April 22 @ 6:30 pm - 7:30 pm

 

This April 22, 2021 at 6:30 pm PST / 9:30 pm EST, Folio Seattle will host a virtual talk by translator Michael Biggins, who will present Newcomers by Lojze Kovačič.

The presentation will focus on unusual, persistent patterns that Kovačič designed into his 1,200-page novel and will make the case that at its publication in Slovenia in 1984 it was an unprecedented achievement in world literature comparable in the magnitude of its innovation to Joyce’s Ulysses and Proust’s In Search of Lost Time which, largely due to its inconspicuous origins, remains under-recognized even today.

Purchase your tickets here ($5 for Folio & NOTIS Members and $10 for General Admission).
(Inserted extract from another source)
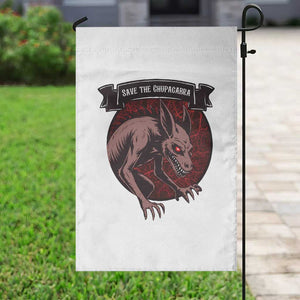 Chupacabra Garden Flag Gothic Horror Save The Cryptid Gift TS12 Print Your Wear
Michael Biggins is responsible as translator for a number of the classics of twentieth-century Slovenian iiterature published in English, including Slovenia’s internationally best-selling novel of all time, Vladimir Bartol’s Alamut (Scala House 2004, reissued by North Atlantic 2007), Triestine Slovenian author Boris Pahor’s memoir of survival in Nazi concentration camps titled Necropolis, (Harcourt 1995, reissued by Dalkey Archive in 2010), the three-volume auto-fictional novel Newcomers by Lojze Kovačič (Archipelago 2016-2024), Drago Jančar’s epic tale of plague, religious persecution and survival in late medieval Europe The Galley Slave, (Dalkey Archive 2011), The Errors of Young Tjaž by Austrian Carinthian Slovene novelist Florjan Lipuš (Dalkey Archive 2013), several collections of poetry by Tomaž Šalamun, and most recently The Masochist, a novel set in fin de siècle Vienna and Central Europe by Katja Perat (Istros 2020).  In 2021 he became the first non-Slovenian recipient of the Primož Trubar Award for lifelong contributions to advancing and preserving Slovenia’s written cultural heritage.

President of the international Society for Slovene Studies since 2017, and Honorary Consul of Slovenia for Washington State since 2018, he lives in Seattle and teaches Slovenian language and literature, as well as Slavic to English literary translation at the University of Washington, where his primary employment is as curator of the university library’s nationally significant collection of over a half million volumes in more than twenty languages across the spectrum of Slavic and East European studies.

Lojze Kovačič was born in Basel in 1928 to a German mother and Slovenian father. In 1938 the family was exiled to Slovenia, where Kovačič lived until his death in 2004. Considered to be one of Slovenia’s most significant authors of the 20th century, his works often relate to his own life and are constantly concerned with existential topics like life and death, displacement and exile, dream and reality. He has been compared to great Central European writers such as Danilo Kis, Sandor Marai, Imre Kertész and Ismail Kadaré. His work, which has now been rediscovered in several countries, consists of ten novels, novellas, essays and children’s books.